- Opening Delimiter -

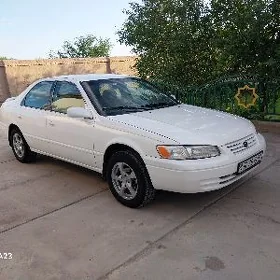 Toyota Camry 1999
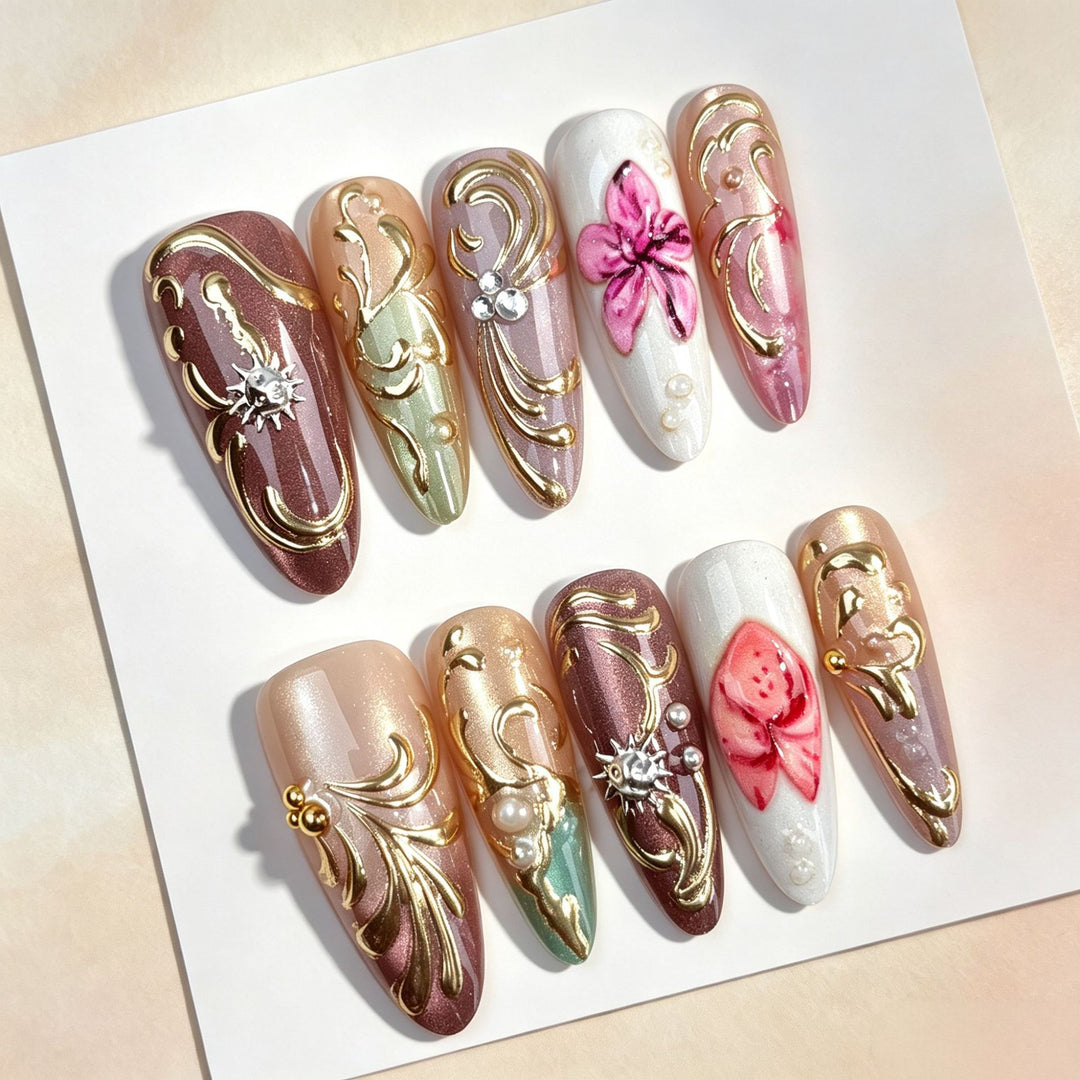 Elegant Floral-Design Press-On Nail Set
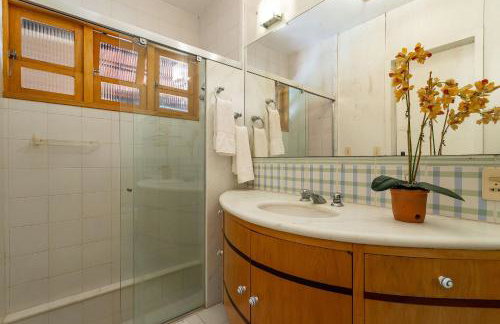 Casa na Granja Comary com piscina, churrasqueira e jacuzzi privativa - Foto 25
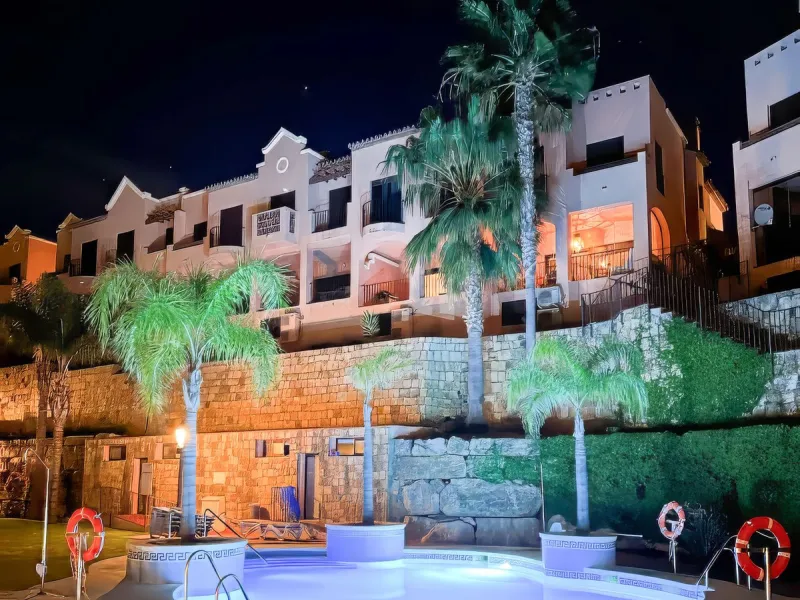 Refined Three-Bedroom Townhouse in an Exclusive Gated Community | Estepona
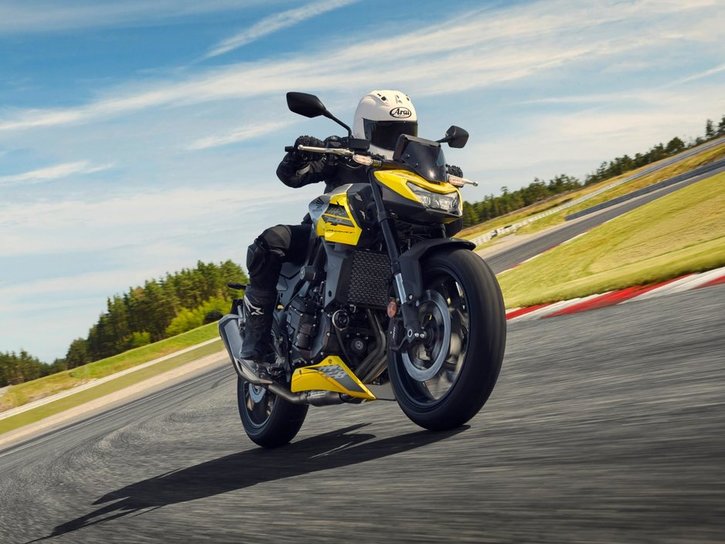 26YM 01 CB750 Hornet MT Y243 Goldfinch Yellow aws 04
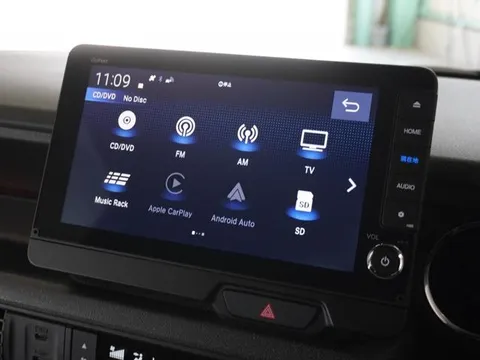Honda N-BOX Custom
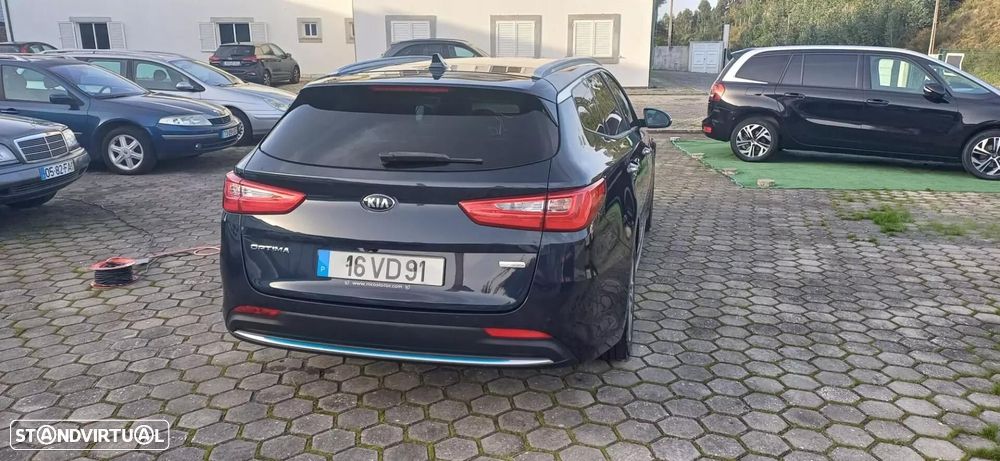 Kia Optima SW - 9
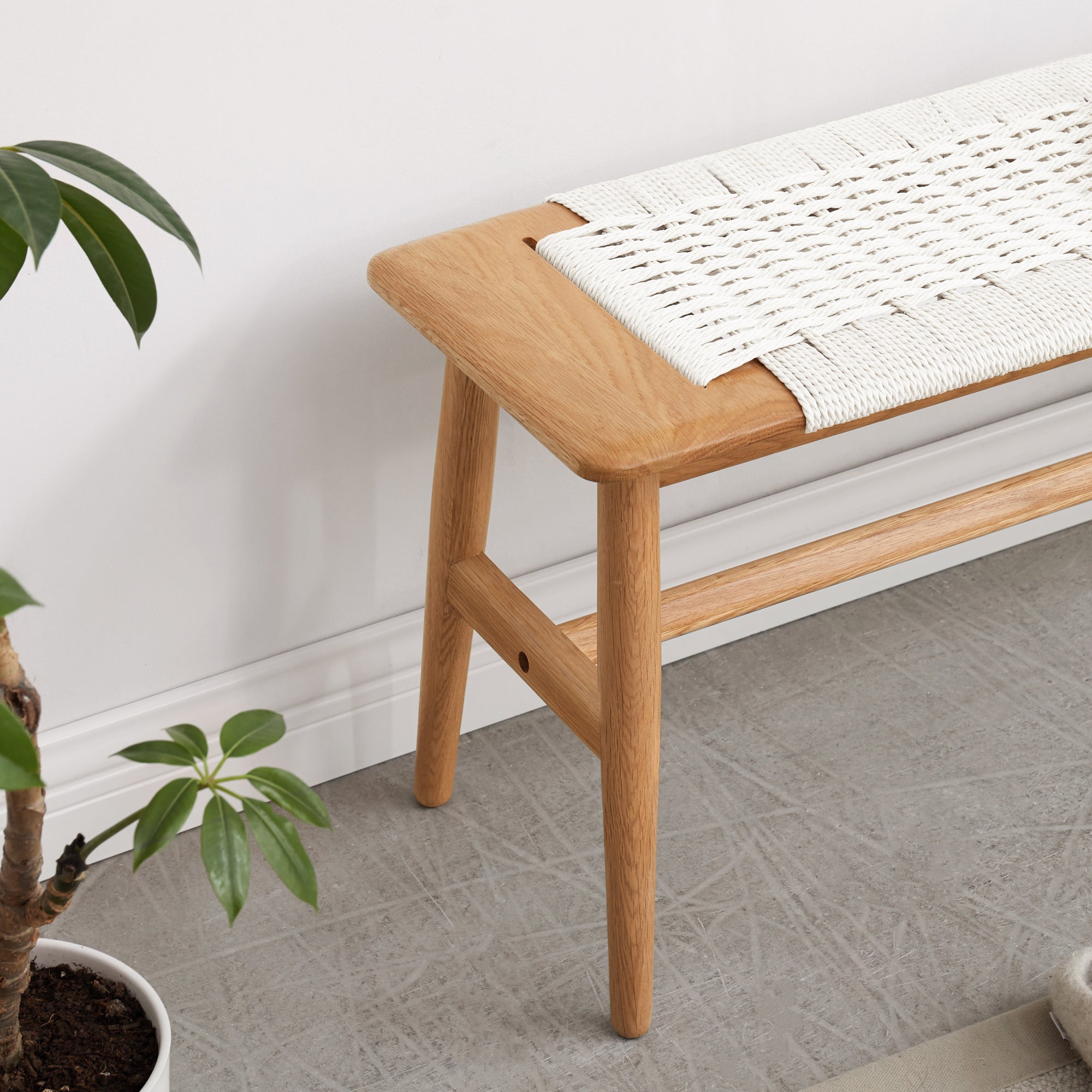 Shasta 31.5" Solid Wood Accent Bench with Woven Cane Seat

- Closing Delimiter -

_Work instructions:_
Transcribe every line in the entries above, taking out only the images.

_Answer space:_
 Toyota Camry 1999
 Elegant Floral-Design Press-On Nail Set
 Casa na Granja Comary com piscina, churrasqueira e jacuzzi privativa - Foto 25
 Refined Three-Bedroom Townhouse in an Exclusive Gated Community | Estepona
 26YM 01 CB750 Hornet MT Y243 Goldfinch Yellow aws 04
Honda N-BOX Custom
 Kia Optima SW - 9
 Shasta 31.5" Solid Wood Accent Bench with Woven Cane Seat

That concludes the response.